Clarksdale, MS, county seat of Coahoma County, lies in the heart of the famous Delta in northwestern Mississippi. Long recognized as one of America's most fertile cotton-producing areas, it is also celebrated as the home of the blues. It is, however, also one of America's poorest regions—in fact, in 1998, when President Bill Clinton chose the five poorest areas in the country to visit, Clarksdale and Coahoma County was on his itinerary. In Coahoma County MS, as of 2009, 75% of the population is African-American and half of the children under 18 live in poverty (as opposed to 31% throughout Mississippi, the acknowledged poorest state in the United States). As further indications of the widespread poverty in the Delta, $28,300 is the median income for Coahoma County, the unemployment rate has grown to 11.6% (which doesn't, of course, include those who have long since given up seeking jobs), 36% of the adults at least twenty-five years old have less than a high school education, and over 30% fall below the official poverty line. Sub-standard housing is also a significant local problem, and it is in this latter area that Habitat for Humanity, with its compelling combination of prospective and current homeowners, local benefactors, and outside volunteers, has been hard at work in the Delta for over 25 years, with local affiliates winning Habitat's national Jimmy Carter Award for per capita productivity for four straight years, until they retired the award.
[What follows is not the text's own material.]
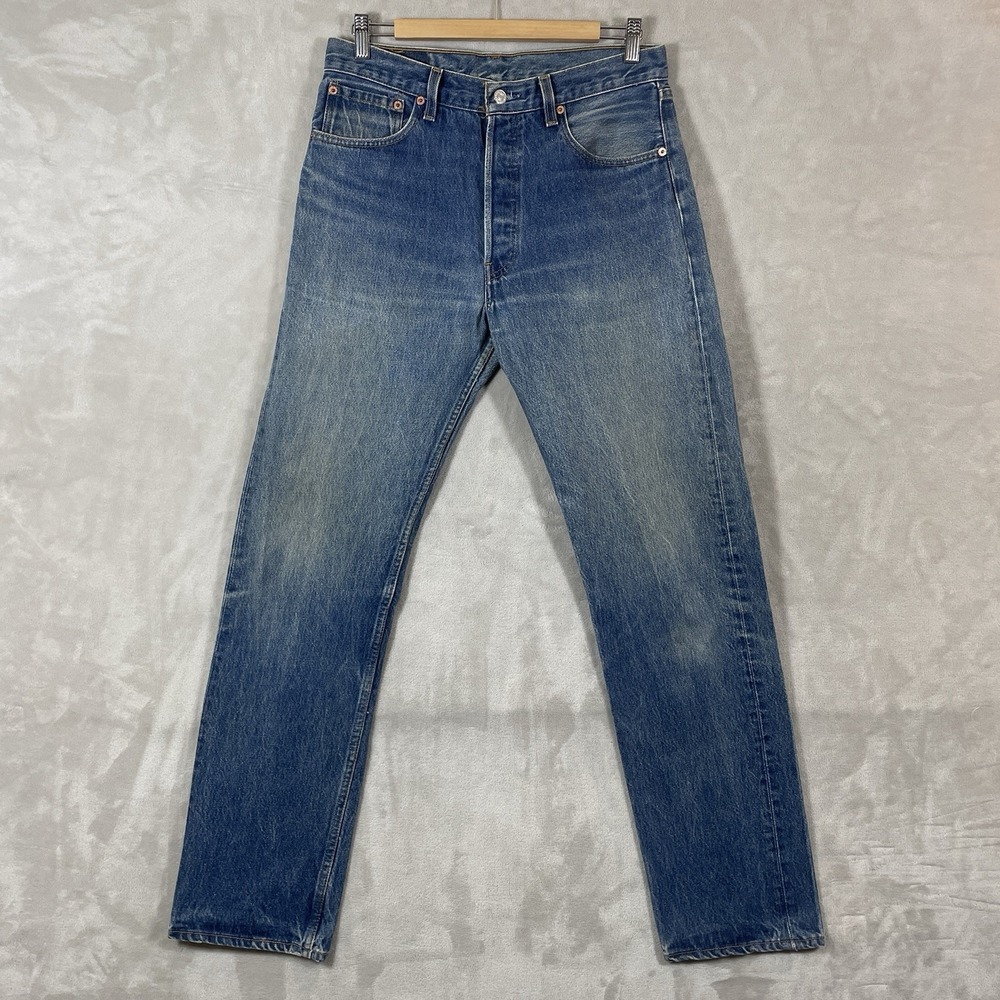 Vtg Levis 501xx Jeans Mens 34x36 (fit 32x33) Made in USA 501-0000 Whisker Fade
That an area so flush with economic possibilities (agricultural and otherwise) should also be one of the poorest and most socially unjust sections of the country requires some explanation. 135 years prior to President Clinton's visit to the Delta, Abraham Lincoln freed America’s slaves, and millions of southern African-Americans began the long process of change that promised for the first time real access to opportunity—in other words the American Dream. But a smooth transition to freedom simply was not to be—that post-Civil War promise was at first resented by some southern whites, especially those who dreamed of re-establishing their vision of antebellum wealth built again, as it had been before, on the exploitable, controllable labor of the slaves. In the early years of what came to be known as Reconstruction, blacks made significant strides to appropriate the political, economic, and social opportunities apparently inherent in notions of their newly gained freedom. Increasingly, however, whites resisted—within ten years, they had turned to ever more violent attempts to discourage black political participation and economic initiatives and succeeded in returning Mississippi to white supremacy. Once again, one of the areas of such strife during this ugly process was Coahoma County.

The Delta, however, is more than mere geographic territory; as many inhabitants, visitors, and writers have noted, the Delta is a way of life. Characterized by a laid-back lifestyle mirroring the rhythms of nature in this lush and sometimes stupefyingly hot, almost jungle-like area, the Delta is also the home of the blues, giving rise to such giants as Robert Johnson, Son House, Muddy Waters, Howlin' Wolf, John Lee Hooker, and Ike and Tina Turner, and serving as a powerful coping mechanism to deal with the ongoing injustices of sharecropping and white supremacy. Besides the enervating effects of the poverty endemic to the area, the Delta continues to be a remarkably vibrant center of culture and community, and Habitat for Humanity has benefited greatly from that reality.